In the foreign exchange market, the Renminbi has also demonstrated remarkable resilience. Over the month leading to April 3rd, while the U.S. dollar index strengthened phase, currencies of developed economies like the Euro, Canadian Dollar, Swiss Franc, Japanese Yen, and South Korean Won generally faced downward pressure. The South Korean Won briefly fell past the 1530 level against the U.S. dollar. The Japanese Yen was particularly weak, breaking through the 160 level on March 27th. Even the traditional "safe-haven currency," the Swiss Franc, did not show significant strength, depreciating by 2.06% against the U.S. dollar.
During this period, however, the Renminbi was the only major currency to appreciate against the U.S. dollar, trading at 6.8842 per dollar as of 7:00 PM Beijing Time on April 3rd.
Behind the stable exchange rate lies the elevated status of the Renminbi in global payments. Data from the Cross-Border Interbank Payment System (CIPS) operator's website shows that the average daily transaction value processed by CIPS in March hit a 12-month peak, reaching 920.5 billion yuan, with the number of transactions reaching 35,740. This represents a significant increase from February's 619.7 billion yuan and 25,930 transactions. On April 2nd alone, the transaction value climbed further to 1.22 trillion yuan, with nearly 42,000 transactions processed.

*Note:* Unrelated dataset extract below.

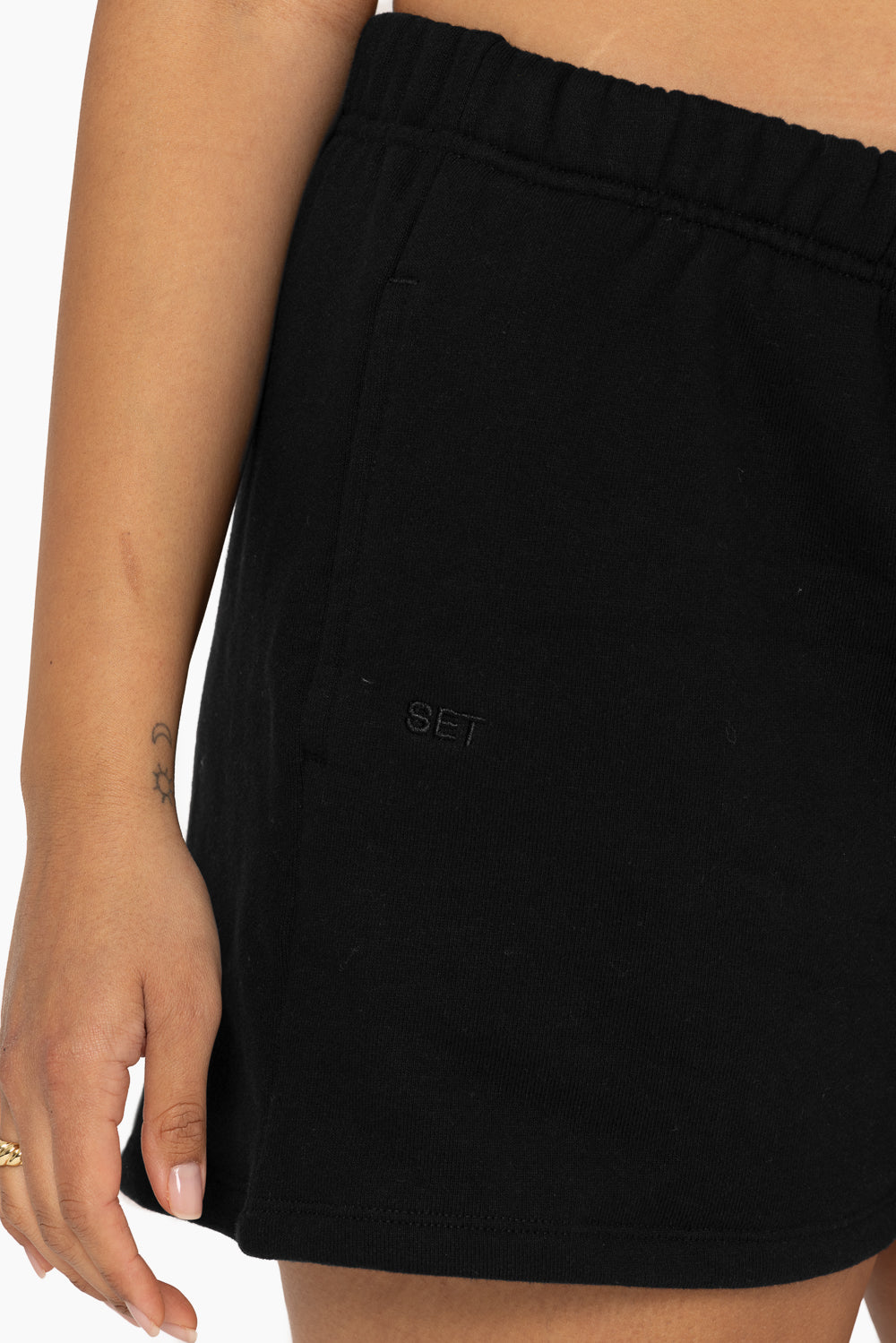 HEAVYWEIGHT SWEATS SWEAT SHORTS ONYX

Three key structural advantages are enabling Chinese assets to become the new "safe haven": energy security, policy stability, and sound economic fundamentals.
Jacky Tang analyzed that China possesses a mature energy security policy framework. It not only has ample domestic coal resources but also diversified import channels for oil and gas covering regions like Russia and Central Asia. Its strategic petroleum reserve can support consumption for over 100 days. Unlike Japan and South Korea, which rely on imports for 80% to 95% of their energy needs, China's diversified sources of oil and gas minimize supply chain shocks. Moreover, China's vast renewable energy system significantly dilutes the impact of rising fuel costs. Data indicates that renewable and alternative energy sources, including nuclear, wind, solar, and hydropower, now account for 40% of China's total electricity generation, a substantial increase from 26% a decade ago.
Another major advantage for China is policy predictability. Wang Xinjie stated that, on the policy front, in stark contrast to the uncertainty surrounding U.S. monetary policy, China does not face an inflation problem. Its monetary policy remains appropriately accommodative with ample room for maneuver. Therefore, even if oil prices remain high going forward, China has more monetary policy space to cushion the impact.
Jacky Tang expressed a similar view, stating that while global assets are repricing for inflation and policy uncertainty, Chinese assets are repricing earnings risk within a more predictable macro framework with stronger policy support. Chinese assets are becoming relative stabilizers, playing a role as low-volatility allocations. They offer diversification value when traditional hedging tools fail.
Looking ahead, Wang Xinjie concluded, "We believe this trend will continue in the long term. However, the underlying logic is not solely about safe-haven flows, but rather a global rebalancing of funds and sustained inflows driven by the search for diversified allocations."